Attorney Searls’s clerk, J. W. O’Neill, deposed: “That on or about the 10th day of October, 1913, he forwarded to M. *762 D. Cooley, the defendant in said cause, an undertaking on appeal with instruction to the said M. D. Cooley to have the same executed at once by two good and sufficient sureties; to have said sureties verify the undertaking before A. W. MeGagin, justice of the peace in and for Washington Township; . . . and then return the said undertaking to Fred Searls, Esq., at Nevada City, California, to be by him forwarded for filing to the said justice of the peace”; that it was received on October 12th and on the 13th was sent back to the justice by mail together with notice of appeal and, as above stated, was received by the justice on the 14th, at which date the notice of appeal was filed, but there was no further filing of the bond noted either on the bond or in the docket.

On December 19, 1913, plaintiff’s attorney filed a motion in the superior court to dismiss the appeal on the ground “that no bond for costs on appeal has been given or filed in said action by appellant as required by the provisions of the statute in such case provided.” Thereafter, on January 12, 1914, the motion came on to be heard and, in opposition thereto, appellant filed the foregonig affidavits of the justice of the peace and Mr. O’Neill and the letter of Mr. Searls. The court made the following order:

“It is therefore ordered that appellant be and he is hereby given permission to supply the omissions, if any exist, of the marking as filed on October 14th, 1913, of an undertaking on appeal and of the making of the entry of filing such undertaking in the docket of the justice of the peace of Washington township by applying to said justice to so mark such undertaking and to make such entry, and if such application is granted by said justice, then said justice shall certify said entry to this court. Permission to withdraw said undertaking on appeal in this matter from the files of this court is granted appellant for presentation of the same to the said justice of the peace, said undertaking to be returned to said files of this court, with the certificate of such entry on the docket, if any is made by said justice, within fifteen days from the date of this order. And in the mean time, respondent’s motion to dismiss said appeal is hereby ordered continued until the further order of this court.”

Pursuant to said order and on notice given by defendant to plaintiff, the matter came before the justice on February 23, *763 1914, who, as is alleged and not denied, ‘ ‘ changed the original filing mark on said undertaking by simply changing the figure 11th to 14th by converting the unit 1, in the date 11th, to a figure 4, but did not in any other manner whatever refile said undertaking or place any other filing marks thereon. Thereafter, and on February 27, 1914, said so-called amended copy of docket and amended filing of said undertaking, was filed in said cause in said superior court,” and, on April 6, 1914, said court denied said motion to dismiss said appeal.

The demurrer of respondent to the petition presents the question to be determined.

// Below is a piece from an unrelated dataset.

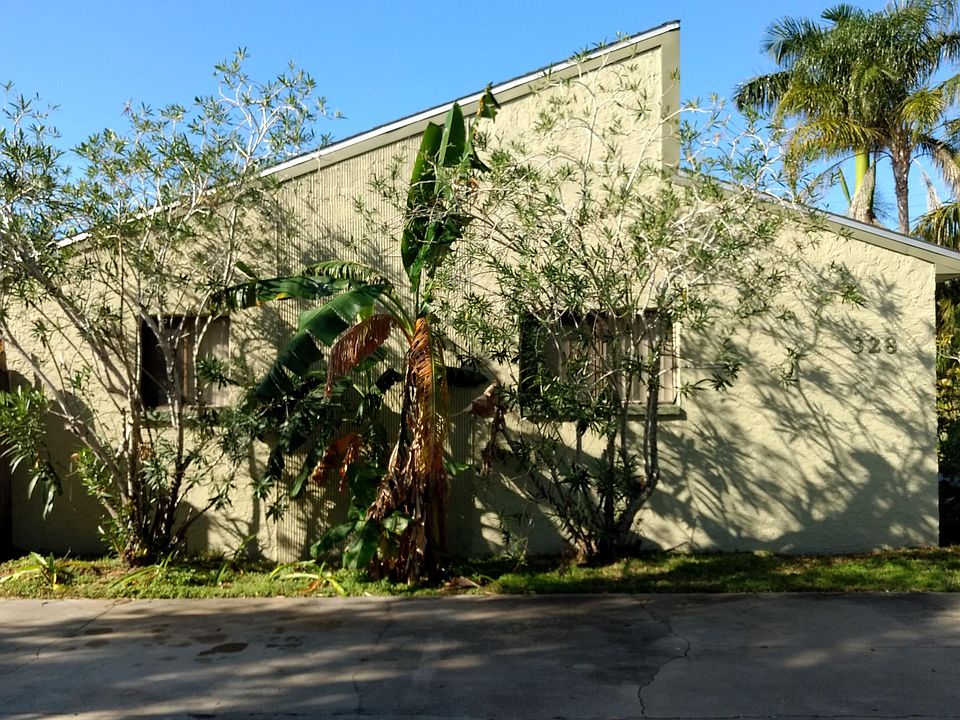 1st image of 330 Woodland Ave #330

Section 978a of the Code of Civil Procedure provides as follows: “The undertaking on appeal must be filed within five days after the filing of the notice of appeal and notice of the filing of the undertaking must be given to the respondent. The adverse party may except to the sufficiency of the sureties within five days after the filing of the undertaking, and unless they or other sureties justify before the justice or judge within five days thereafter, upon notice to the adverse party, to the amounts stated in their affidavits, the appeal must be regarded as if no such undertaking had been given. ’ ’ It was held, in Goodman v. Superior Court, 19 Cal. App. 457, [126 Pac. 185] : “Upon an appeal from a justice’s court to the superior court, where the undertaking on appeal was prematurely filed, before the filing of the notice of appeal, the superior court acquires no jurisdiction of the appeal.”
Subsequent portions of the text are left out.